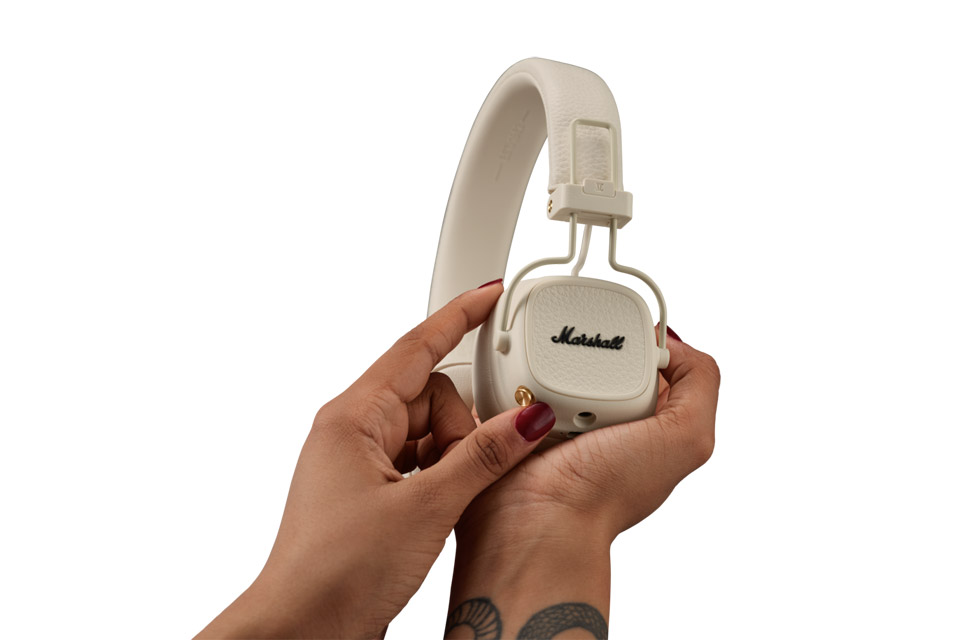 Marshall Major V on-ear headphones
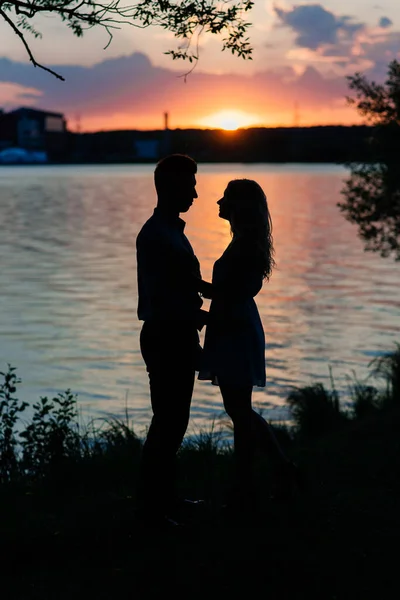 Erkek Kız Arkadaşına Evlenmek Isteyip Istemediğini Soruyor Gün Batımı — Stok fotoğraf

--

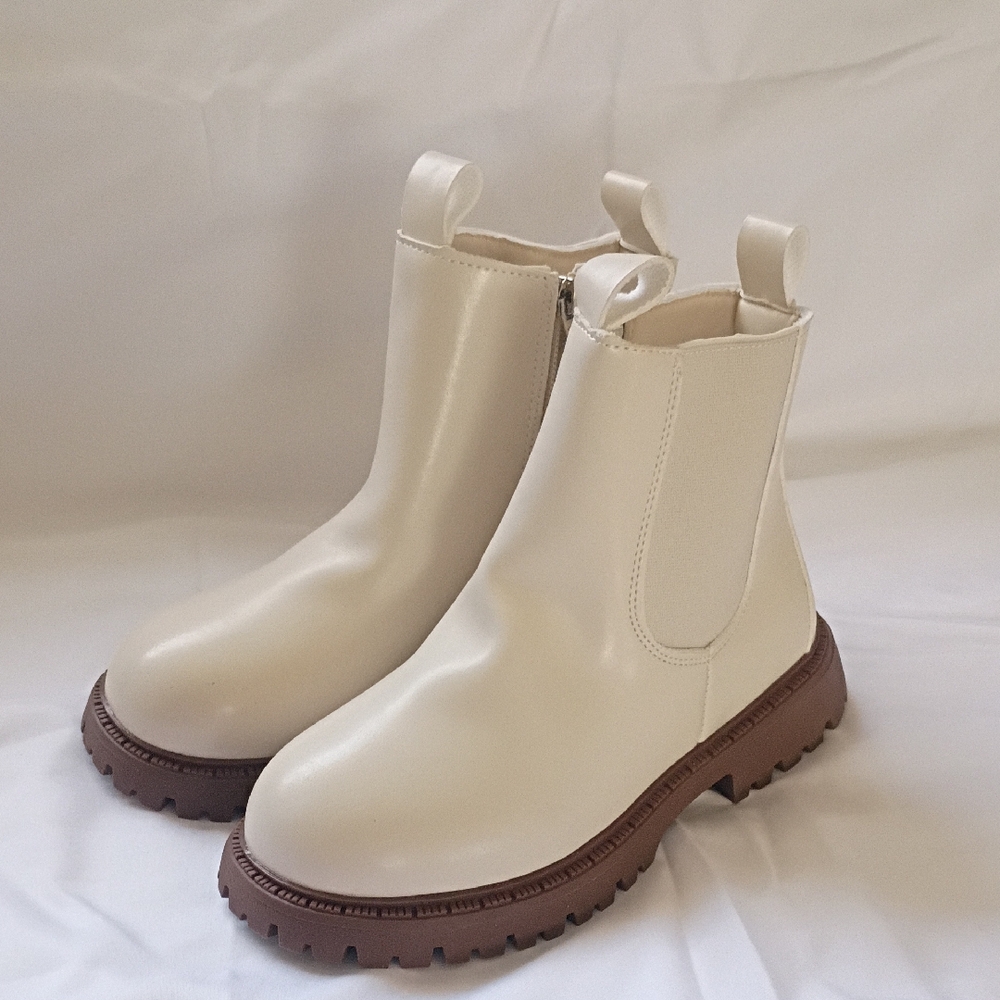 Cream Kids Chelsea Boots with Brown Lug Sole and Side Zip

--

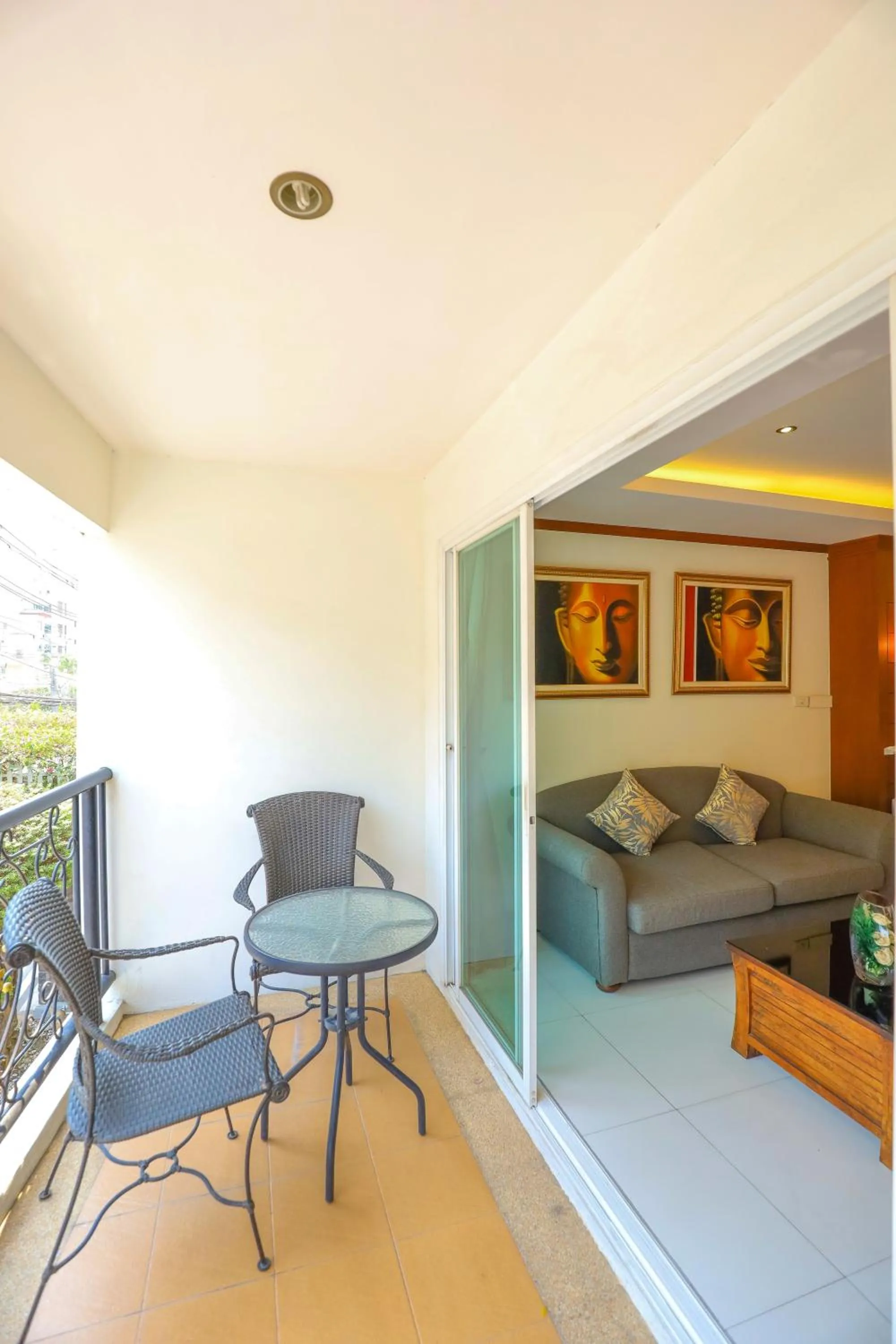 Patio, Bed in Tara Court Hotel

**INSTRUCTIONS FOR THE TASK**:
Given the listing above, repeat exactly the lines starting at the one with "Marshall Major V on-ear headphones" and ending at the one with "Erkek Kız Arkadaşına", inclusive, excluding pictures.

**EXERCISE SOLUTION**:
 Marshall Major V on-ear headphones
 Erkek Kız Arkadaşına Evlenmek Isteyip Istemediğini Soruyor Gün Batımı — Stok fotoğraf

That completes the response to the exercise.